First Bay Awareness Week Makes a Splash
This year, Virginia's first annual Chesapeake Bay Awareness Week (June 4 to 12) was kicked off by a longtime Virginian tradition: Clean the Bay Day. As CBF's largest yearly clean-up event, the day brought 6,000 people together to clean up harmful debris and litter from hundreds of miles of streams and shoreline in just three short hours.
Photos (top to bottom): Rep. Rob Wittman pitches in at Clean the Bay Day on the James River in Richmond; Bobby Whitescarver and Rebecca Leprell remove invasive species from a buffer in Augusta County; examing oysters at an oyster gardening workshop. Photos courtesy of Kenny Fletcher/CBF Staff.
At more than 260 sites across Virginia, the thousands of volunteers removed approximately 138,000 pounds of trash along some 440 miles of shoreline. A mix of 20 elected officials participated in the cleanup, including Congressman Rob Wittman. As usual, the most common items found were plastic bottles, plastic bags, and cigarette butts. But volunteers were also surprised by many strange finds, including a lottery ticket station, a crock pot, a jet ski, a complete car transmission and an axle, a teddy bear with Mardi Gras beads, a headless G.I. Joe doll, a mounted deer head, a screen door, a smart phone, a walkie-talkie, and two kitchen sinks.
Later in the week, CBF celebrated Awareness Week with conservation-minded farmers in the Shenandoah Valley.

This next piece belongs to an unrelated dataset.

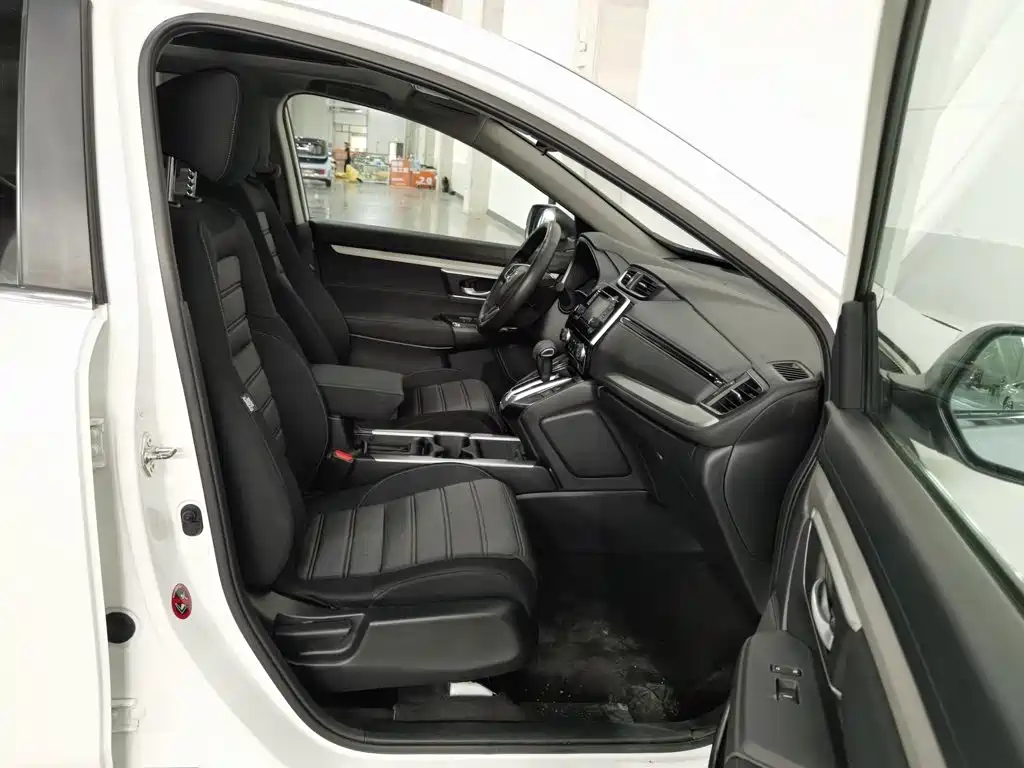 Honda CR-V — миниатюра 23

At David Surratt's farm in Fishersville, CBF staff and Virginia State Senator Emmett Hanger visited a newly installed stream fencing project that keeps cattle out of waterways. "It offers a win-win solution for restoring the Bay as these practices not only improve water quality but stimulate local economies and sustain our agricultural industry," Hanger told NBC 29.

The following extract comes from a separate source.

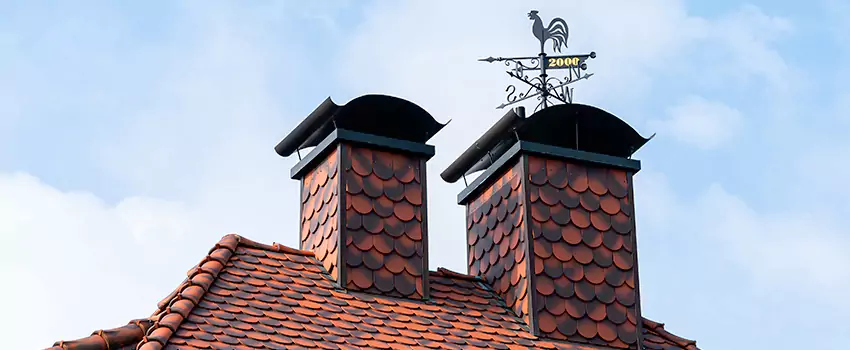 Old Chimney Restoration in Martha Lake, Washington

A few days later, CBF Trustee Jeanne Hoffman and her husband Bobby Whitescarver hosted 56 people at their Augusta County farm for a walk along the Middle River. The hike highlighted the wildlife, native plants, and trees that have returned to the riverside since they fenced cattle out of the waterways in 2004.
"Twelve years ago beef cattle farmer Jeanne and soil and water conservationist Bobby were married," Whitescarver told the crowd. "This farm is a reflection of our mutual respect for each other. It's a marriage of values, working together as one. Jeanne wants more grass, and I want more buffer. What you see today is how we put it together to work for the cow and the river. And I think you will see as you walk the river and its tributaries that a farm can indeed produce both food and clean water."
Beyond Awareness week, we've kicked off a host of exciting events and restoration projects. This June, CBF hosted oyster gardening seminars and roundups at seven different locations across Tidewater Virginia, from the Northern Neck to Hampton Roads and the Eastern Shore.
Oyster gardening volunteers raise oysters from their dock or a marina. These events teach oyster growing basics to new gardeners and provide them with a setup and baby oysters. Returning gardeners can swap out their full-grown oysters for new baby oysters. CBF then plants the full-grown oysters on a Virginia sanctuary reef near where they were raised. This year, CBF has worked with 227 oyster gardeners so far and counting, while last year's gardeners returned more than 23,000 oysters and seed for our restoration efforts.
CBF Oyster gardeners also submitted 214 letters thanking Virginia's elected officials for strong support for clean water during the 2016 General Assembly session, while asking that we keep up the momentum next year.
It's encouraging to see that programs like these, coupled with the Chesapeake Clean Water Blueprint, are putting us on the path to a restored Bay.